A Formula for Meaningful Complexity
Introducing my new measure of 'Emergent Structural Complexity'
What makes something meaningfully complex? We know it when we see it: a sonnet, a fine wine, a symphony. But can we measure it?
Complexity is a big part of our everyday lives, and a big aspect of the world around us. We don’t just experience things as their parts, we experience them as complex wholes composed of parts. And these complex wholes are more than the “sum” of their parts.
So if complexity is such a big deal, is it something we can put a number on? Do we need to put a number on it?
Summary
I’ve been working on a formula + application to measure “meaningful complexity” mathematically. The aim is to find a formula whose results reflect our intuitions about what counts as “complex”, and that recognises both excessive simplicity and randomness as lacking meaningful complexity.
The general idea is to measure how much our object (e.g. an image or piece of text) can be compressed over various levels of corruption, i.e. how much structure can be detected at each step of corruption.

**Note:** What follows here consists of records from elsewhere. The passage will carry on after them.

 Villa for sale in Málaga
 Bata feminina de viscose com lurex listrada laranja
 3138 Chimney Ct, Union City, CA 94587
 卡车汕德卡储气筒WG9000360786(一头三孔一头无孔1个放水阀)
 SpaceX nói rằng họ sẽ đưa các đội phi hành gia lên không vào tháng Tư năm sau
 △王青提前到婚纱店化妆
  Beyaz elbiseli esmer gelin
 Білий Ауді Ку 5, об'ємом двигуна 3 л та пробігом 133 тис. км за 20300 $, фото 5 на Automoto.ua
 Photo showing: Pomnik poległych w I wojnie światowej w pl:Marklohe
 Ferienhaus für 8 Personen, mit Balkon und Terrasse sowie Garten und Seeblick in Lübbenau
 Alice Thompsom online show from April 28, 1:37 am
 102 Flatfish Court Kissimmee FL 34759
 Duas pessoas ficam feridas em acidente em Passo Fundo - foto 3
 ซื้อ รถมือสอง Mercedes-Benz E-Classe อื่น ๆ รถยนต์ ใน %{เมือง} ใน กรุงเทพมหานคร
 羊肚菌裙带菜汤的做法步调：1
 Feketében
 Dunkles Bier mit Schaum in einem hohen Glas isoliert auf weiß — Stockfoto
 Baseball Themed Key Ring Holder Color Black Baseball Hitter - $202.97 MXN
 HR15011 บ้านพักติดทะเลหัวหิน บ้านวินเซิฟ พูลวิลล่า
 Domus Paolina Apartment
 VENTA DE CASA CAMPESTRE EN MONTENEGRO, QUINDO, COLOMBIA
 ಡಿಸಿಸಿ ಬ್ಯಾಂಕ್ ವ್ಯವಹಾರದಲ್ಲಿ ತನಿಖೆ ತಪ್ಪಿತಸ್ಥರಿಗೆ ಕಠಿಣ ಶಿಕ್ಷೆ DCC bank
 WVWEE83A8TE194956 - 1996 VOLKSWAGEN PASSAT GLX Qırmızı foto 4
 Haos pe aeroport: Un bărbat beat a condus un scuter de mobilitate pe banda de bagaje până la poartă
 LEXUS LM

I’ve vibe-coded two prototype web apps applying my new measure that you can try for yourself: one for images, and one for blocks of text.
There are three components of meaningful complexity: the “Absolute Complexity”, “Emergence Factor”, and “Structural Spread”.
The “Absolute Complexity” (AC) is the compressed size — it measures how long the shortest possible description of the object in question is. This corresponds to Kolmogorov Complexity.
The “Structural Spread” (SS) is how much it gets compressed — How much do the discovered patterns allow us to reduce the file size?
The “Emergence Factor” (EF) is a measure of how late the underlying patterns emerge as we get a fuller picture. This could also be called the “Interdependence Factor” or “Synergy”.
Multiplying these three factors gives the “Emergent Structural Complexity”:
Background
I read an excellent post on complexity from
Suzi Travis
, called ‘Why is Complexity So Complex?’. Part of that post looked at the question of how you might measure complexity, beyond “I know it when I see it”. The difficulty, as Suzi noted, is that the methods mentioned will pick up randomness as “complexity”, when that’s not what we mean. We want to measure the “meaningful complexity”. I wrote the following comment on her post, suggesting that we look at how information/causation is distributed or concentrated within the object in question:
That got me started working on producing an actual formula and, eventually, some code, to calculate a measure for a thing’s complexity. It turns out that initial comment was not quite right — the key thing is the cumulative information curve, not the information of the parts taken in isolation.
I’ll now go through the three ingredients in my formula one at a time:
“Absolute Complexity”
What I’m calling the “Absolute Complexity” is the size of a file once compressed as short as possible. This is roughly the same as the Kolmogorov Complexity. This is pretty good because a very simple thing can be simply and quickly expressed, while a less simple thing cannot.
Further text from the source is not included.